- _Task to complete_:
Filter the entries below, keeping only lines with "Beach".
[[ Entries supplied open ]]
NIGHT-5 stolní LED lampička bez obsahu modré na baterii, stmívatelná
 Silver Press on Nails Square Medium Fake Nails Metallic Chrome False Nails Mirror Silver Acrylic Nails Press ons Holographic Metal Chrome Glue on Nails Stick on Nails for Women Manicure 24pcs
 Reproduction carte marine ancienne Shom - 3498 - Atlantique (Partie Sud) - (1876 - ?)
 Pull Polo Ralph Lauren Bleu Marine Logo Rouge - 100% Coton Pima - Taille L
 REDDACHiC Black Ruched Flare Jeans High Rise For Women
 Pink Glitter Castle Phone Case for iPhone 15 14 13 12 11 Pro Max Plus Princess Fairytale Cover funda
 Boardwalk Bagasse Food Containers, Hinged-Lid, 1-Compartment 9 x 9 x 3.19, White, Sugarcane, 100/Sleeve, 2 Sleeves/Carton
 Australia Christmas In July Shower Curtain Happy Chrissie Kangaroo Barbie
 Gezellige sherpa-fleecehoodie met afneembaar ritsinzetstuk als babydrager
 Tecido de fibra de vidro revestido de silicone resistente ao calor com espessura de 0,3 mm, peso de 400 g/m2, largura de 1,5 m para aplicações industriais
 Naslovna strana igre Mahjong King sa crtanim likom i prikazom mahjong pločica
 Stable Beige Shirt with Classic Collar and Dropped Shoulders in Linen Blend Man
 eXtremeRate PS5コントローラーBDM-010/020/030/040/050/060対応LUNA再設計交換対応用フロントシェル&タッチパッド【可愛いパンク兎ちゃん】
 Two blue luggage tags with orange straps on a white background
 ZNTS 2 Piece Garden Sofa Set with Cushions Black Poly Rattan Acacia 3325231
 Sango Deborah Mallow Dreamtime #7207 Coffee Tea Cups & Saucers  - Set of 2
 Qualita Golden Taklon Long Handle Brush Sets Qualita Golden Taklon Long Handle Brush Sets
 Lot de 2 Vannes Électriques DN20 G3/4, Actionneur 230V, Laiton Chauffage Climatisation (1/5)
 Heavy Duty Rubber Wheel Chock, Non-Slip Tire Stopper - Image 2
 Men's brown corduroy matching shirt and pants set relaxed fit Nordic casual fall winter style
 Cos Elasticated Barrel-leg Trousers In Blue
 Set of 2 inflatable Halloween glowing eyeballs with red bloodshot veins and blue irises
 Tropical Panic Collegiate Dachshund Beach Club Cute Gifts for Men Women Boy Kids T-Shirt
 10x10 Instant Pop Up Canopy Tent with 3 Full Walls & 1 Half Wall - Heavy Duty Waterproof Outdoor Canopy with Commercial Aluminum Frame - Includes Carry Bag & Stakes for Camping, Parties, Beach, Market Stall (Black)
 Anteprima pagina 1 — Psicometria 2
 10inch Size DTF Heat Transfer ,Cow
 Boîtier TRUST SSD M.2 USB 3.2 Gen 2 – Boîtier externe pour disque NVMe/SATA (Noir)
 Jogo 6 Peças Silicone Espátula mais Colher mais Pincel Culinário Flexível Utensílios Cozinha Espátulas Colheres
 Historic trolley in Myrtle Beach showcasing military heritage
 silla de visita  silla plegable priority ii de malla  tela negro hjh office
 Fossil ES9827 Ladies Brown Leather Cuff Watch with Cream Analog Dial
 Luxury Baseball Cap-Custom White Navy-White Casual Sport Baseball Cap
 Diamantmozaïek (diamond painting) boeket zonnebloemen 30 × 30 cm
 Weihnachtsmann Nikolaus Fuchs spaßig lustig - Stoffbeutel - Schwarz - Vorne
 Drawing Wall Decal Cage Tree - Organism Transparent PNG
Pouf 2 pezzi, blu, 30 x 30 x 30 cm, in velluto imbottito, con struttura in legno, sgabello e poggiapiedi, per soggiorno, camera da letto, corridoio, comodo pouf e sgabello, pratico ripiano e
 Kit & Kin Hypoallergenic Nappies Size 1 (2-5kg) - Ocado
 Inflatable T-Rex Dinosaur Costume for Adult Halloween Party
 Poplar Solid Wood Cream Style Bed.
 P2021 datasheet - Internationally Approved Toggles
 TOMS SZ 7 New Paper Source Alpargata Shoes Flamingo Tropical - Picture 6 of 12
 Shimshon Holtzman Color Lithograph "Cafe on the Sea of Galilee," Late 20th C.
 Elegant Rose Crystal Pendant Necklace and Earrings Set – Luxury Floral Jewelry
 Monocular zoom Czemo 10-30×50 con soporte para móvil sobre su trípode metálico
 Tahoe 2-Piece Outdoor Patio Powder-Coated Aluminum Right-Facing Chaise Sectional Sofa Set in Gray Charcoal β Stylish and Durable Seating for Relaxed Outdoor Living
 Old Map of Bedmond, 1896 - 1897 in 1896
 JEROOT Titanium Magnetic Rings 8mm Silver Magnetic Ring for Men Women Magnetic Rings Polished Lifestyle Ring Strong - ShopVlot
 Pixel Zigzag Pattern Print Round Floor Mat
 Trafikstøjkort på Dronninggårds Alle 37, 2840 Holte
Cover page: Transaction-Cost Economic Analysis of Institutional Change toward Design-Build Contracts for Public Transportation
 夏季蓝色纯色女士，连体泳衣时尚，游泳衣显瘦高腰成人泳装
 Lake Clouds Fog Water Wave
[[ Entries supplied closed ]]
- _Problem solution_:
 Tropical Panic Collegiate Dachshund Beach Club Cute Gifts for Men Women Boy Kids T-Shirt
 10x10 Instant Pop Up Canopy Tent with 3 Full Walls & 1 Half Wall - Heavy Duty Waterproof Outdoor Canopy with Commercial Aluminum Frame - Includes Carry Bag & Stakes for Camping, Parties, Beach, Market Stall (Black)
 Historic trolley in Myrtle Beach showcasing military heritage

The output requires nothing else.